Nobody can stand and look out across the endless row of graves in a military cemetery and not ponder the lives lost to war. Whether the war was just and necessary, or especially if it was the foolish and ill conceived adventure of a leader ill suited to his job, the magnitude of loss, waste, and suffering is stunning.
Any visitor to Arlington National Cemetery surely comes away with a mix of feelings about war and the soldiers who fought in them, and this cemetery in particular is as appropriate a place to think about war as any, for this cemetery was created after the Civil War, after the country was ripped apart by some of the very same issues with which we grapple today.
The book’s description reads, “So does Robert Poole describe a day like so many others in the long and storied history of Arlington National Cemetery. Created towards the end of our greatest national crucible, the Civil War, its story—as revealed in On Hallowed Ground—reflects much of America’s own over the past century and a half. The mansion at its heart, and the rolling land on which it sits, had been the family plantation of Robert E. Lee before he joined the Confederacy; strategic to the defense of Washington, it became a Union headquarters, a haven for freedmen, and a burial ground for indigent soldiers before Secretary of War Edwin Stanton made it the latest in the newly established national cemetery system. It would become our nation’s most honored resting place.”

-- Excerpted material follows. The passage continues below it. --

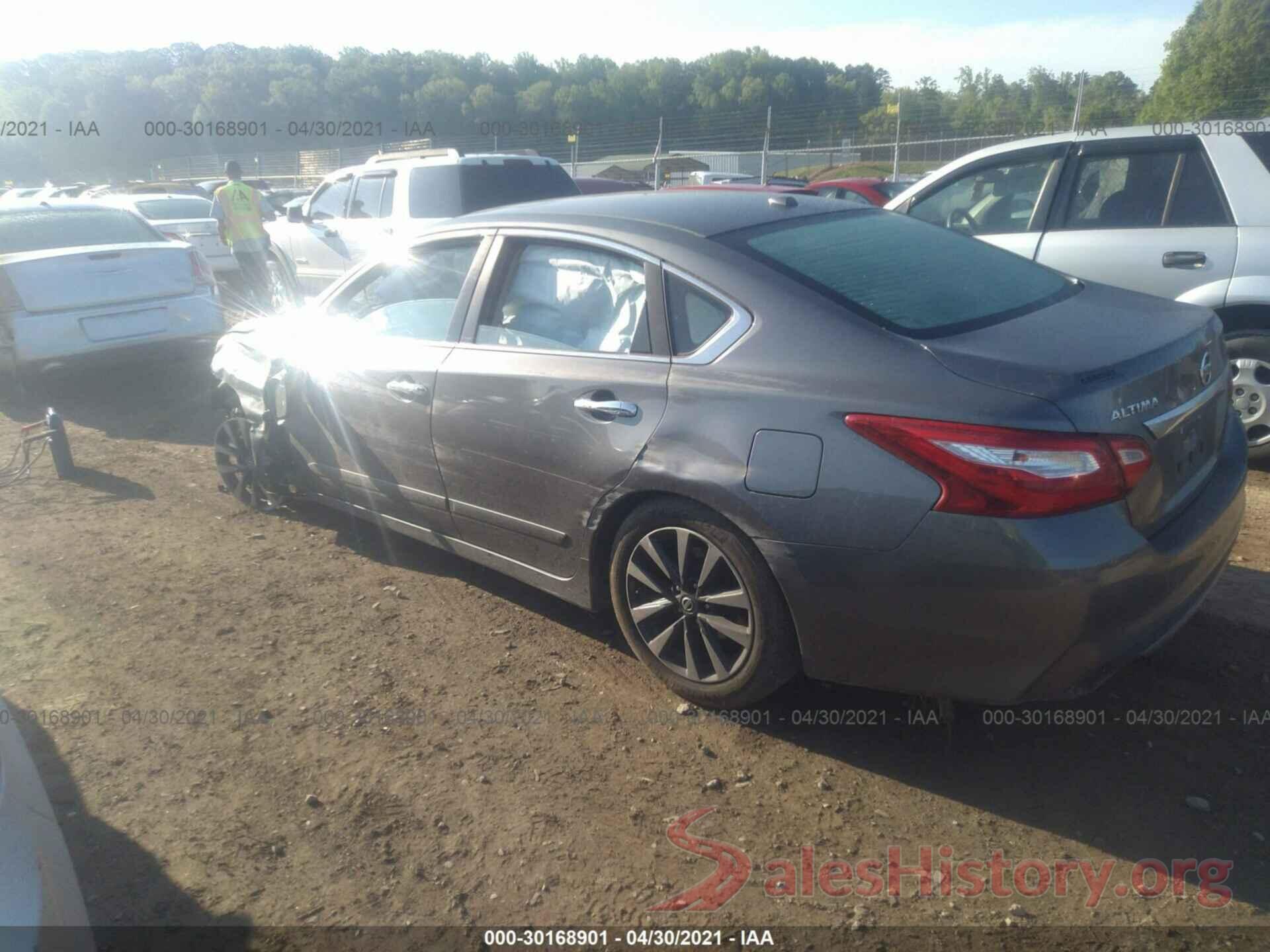 1N4AL3AP2GC137206 2016 NISSAN ALTIMA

“No other country makes the effort the United States does to recover and pay tribute to its war dead—an effort Poole reveals in poignant details from the aftermaths of the Civil War, Spanish-American War, World Wars I and II, Korea, Vietnam, and the conflicts in the Gulf and Afghanistan today. Every tombstone at Arlington tells a story: from Private William Christman, the first soldier buried at Arlington on May 13, 1864, to Union General Montgomery Meigs, whose idea Arlington was; from Lieutenant Thomas Selfridge, the first casualty of powered flight, to Audie Murphy, America’s most decorated soldier; from the Tomb of the Unknown Soldier, so lovingly tended today, to John F. Kennedy’s eternal flame; from scientists and slaves to jurists and generals and tens of thousands of ordinary citizen-warriors, among the more than 300,000 interred on Arlington’s 624 acres. Their sagas, and the rites and rituals that have evolved at Arlington—the horse-drawn caissons, marble headstones, playing of taps, and rifle salutes—speak to us all.”